The safety profile of parecoxib for the treatment of postoperative pain: a pooled analysis of 28 randomized, double-blind, placebo-controlled clinical trials and a review of over 10 years of postauthorization data

J Pain Res. 2017 Oct 10;10:2451-2459. doi: 10.2147/JPR.S136052. eCollection 2017.

Abstract

Background: Nonselective, nonsteroidal anti-inflammatory drugs (NSAIDs) and selective cyclooxygenase-2 (COX-2) inhibitors are associated with safety issues including cardiovascular, renal, and gastrointestinal (GI) events.

Objective: To examine the safety of parecoxib, a COX-2 inhibitor, for the management of postoperative pain.

Design: Pooled analysis of 28 placebo-controlled trials of parecoxib and review of postauthorization safety data.

Main outcome measures: Prespecified safety events commonly associated with COX-2 inhibitors and/or NSAIDs. In the clinical trial analysis, the frequency of each event was compared between treatment groups using a chi-square test. In the postauthorization review, the number of confirmed cases, along with outcome, was presented for each event.
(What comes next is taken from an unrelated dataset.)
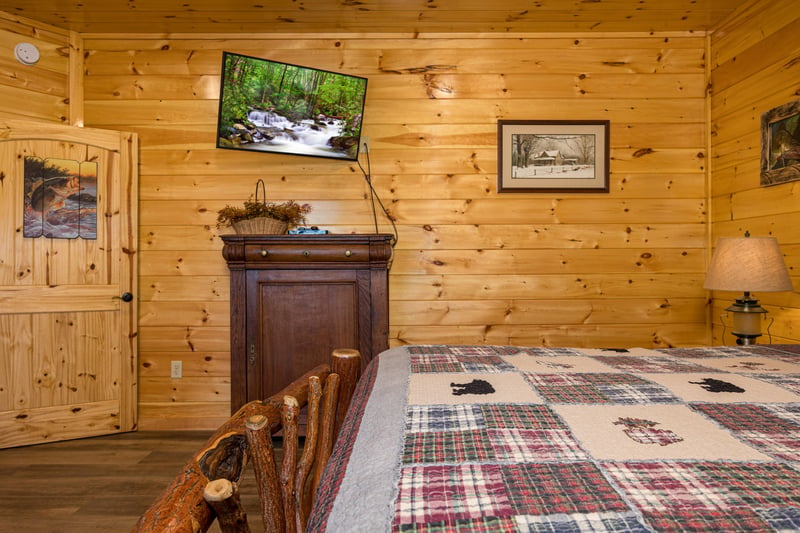 Bedroom With Flat Screen TV at Anglers Ridge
Results: In the clinical trial analysis, GI-related events occurred in ~0.2% of patients in the parecoxib and placebo groups. Renal failure and impairment was similar between parecoxib (1.0%) and placebo (0.9%). The occurrence of arterial (parecoxib=0.3%; placebo=0.2%) and venous (parecoxib=0.2%; placebo=0.1%) cardiovascular embolic and thrombotic events was similar between groups. Hypersensitivity reactions including anaphylactic reactions (parecoxib=8.7%; placebo=8.6%), hypotension (parecoxib=2.6%; placebo=2.1%), angioedema (parecoxib=2.5%; placebo=2.8%), and severe cutaneous adverse reactions (0% in both groups) were similar between groups. Incision site or other skin/tissue infections occurred in <0.1% of patients in both groups. The occurrence of these events (total reports/serious reports) in the postauthorization database, based on 69,567,300 units of parecoxib, was as follows: GI ulceration-related events (35/35), renal failure and impairment (77/68), cardiovascular embolic and thrombotic events (66/64), hypersensitivity reactions including hypotension-related events (32/25) and severe cutaneous adverse events (17/17), and masking signs of inflammation (18/18). A majority of reported outcomes were classified as recovered or recovering.

Conclusions: Potentially serious safety events occur infrequently with parecoxib, which high-lights its safety in patients with postoperative pain.

Keywords: Parecoxib; postoperative pain; safety.